→ EXERCISE AIM: Transcribe every record below word for word.

→ DATASET EXTRACT:

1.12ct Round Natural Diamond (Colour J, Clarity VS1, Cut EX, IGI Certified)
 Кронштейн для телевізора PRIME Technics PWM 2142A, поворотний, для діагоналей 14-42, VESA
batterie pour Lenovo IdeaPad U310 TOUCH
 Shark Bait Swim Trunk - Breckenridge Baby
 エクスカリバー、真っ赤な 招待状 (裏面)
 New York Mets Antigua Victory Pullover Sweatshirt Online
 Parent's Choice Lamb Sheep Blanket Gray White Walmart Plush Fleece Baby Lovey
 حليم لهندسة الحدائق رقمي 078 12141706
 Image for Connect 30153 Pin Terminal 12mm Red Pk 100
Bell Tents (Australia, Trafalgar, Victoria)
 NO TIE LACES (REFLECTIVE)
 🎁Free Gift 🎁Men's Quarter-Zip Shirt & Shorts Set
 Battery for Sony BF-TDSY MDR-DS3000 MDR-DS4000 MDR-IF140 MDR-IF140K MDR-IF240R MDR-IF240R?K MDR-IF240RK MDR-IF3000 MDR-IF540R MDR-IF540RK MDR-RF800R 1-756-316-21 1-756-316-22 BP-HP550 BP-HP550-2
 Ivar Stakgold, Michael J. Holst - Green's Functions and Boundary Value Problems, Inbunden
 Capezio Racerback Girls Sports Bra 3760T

→ RESPONSE TO THE TASK:
1.12ct Round Natural Diamond (Colour J, Clarity VS1, Cut EX, IGI Certified)
 Кронштейн для телевізора PRIME Technics PWM 2142A, поворотний, для діагоналей 14-42, VESA
batterie pour Lenovo IdeaPad U310 TOUCH
 Shark Bait Swim Trunk - Breckenridge Baby
 エクスカリバー、真っ赤な 招待状 (裏面)
 New York Mets Antigua Victory Pullover Sweatshirt Online
 Parent's Choice Lamb Sheep Blanket Gray White Walmart Plush Fleece Baby Lovey
 حليم لهندسة الحدائق رقمي 078 12141706
 Image for Connect 30153 Pin Terminal 12mm Red Pk 100
Bell Tents (Australia, Trafalgar, Victoria)
 NO TIE LACES (REFLECTIVE)
 🎁Free Gift 🎁Men's Quarter-Zip Shirt & Shorts Set
 Battery for Sony BF-TDSY MDR-DS3000 MDR-DS4000 MDR-IF140 MDR-IF140K MDR-IF240R MDR-IF240R?K MDR-IF240RK MDR-IF3000 MDR-IF540R MDR-IF540RK MDR-RF800R 1-756-316-21 1-756-316-22 BP-HP550 BP-HP550-2
 Ivar Stakgold, Michael J. Holst - Green's Functions and Boundary Value Problems, Inbunden
 Capezio Racerback Girls Sports Bra 3760T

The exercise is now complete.